Middle-class worries
I’ve been reading a lot about “money” recently. Whether it is bitching over a 100 million dollar boxing match, bets that bitcoin hits half a million dollars, bemoaning 100s of thousands of pounds paid to BBC (male) ‘talent’, or berating those pocketing tens of thousands via Multi-Level Marketing referral schemes.
Moaning about money is a (not so) fine art that many are schooled in.

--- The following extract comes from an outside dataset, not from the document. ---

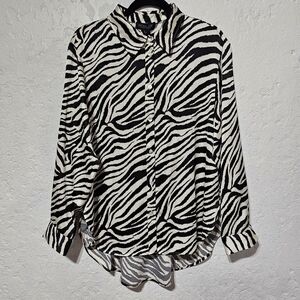 Rachel Zoe Collard Button-Down Long Sleeve Shirt Large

Living in an affluent country, gripes about who makes and takes what ‘money’ and from where, have an air of frivolity about them. Those 'BBC lovies' are getting paid too much… $100 PPV for a joke of fight! GTFOH!!.... I’m HODLing, pumping, dumping my bitcoin, shitcoin for dear life!.... It’s about the size of the cake and how much everyone else (in particular the ‘undeserving’) is making.
Maids and barricades
Occasionally however I stumble across a story that helps put money disputes into perspective. Today I was flicking through social media when I saw a link… ironically, shared by a person that owes me money from about 10 years ago (but that's another story, I won’t get into here). The link was about a dispute in India between ‘maids’ and their ‘madams’. What started as a dispute between a domestic worker (Zora Bibi) and her employer (Mitul Sethi), escalated in to a full-blown riot in Mahagun Moderne, a high rise of luxury flats in Sector 78, Noida, India.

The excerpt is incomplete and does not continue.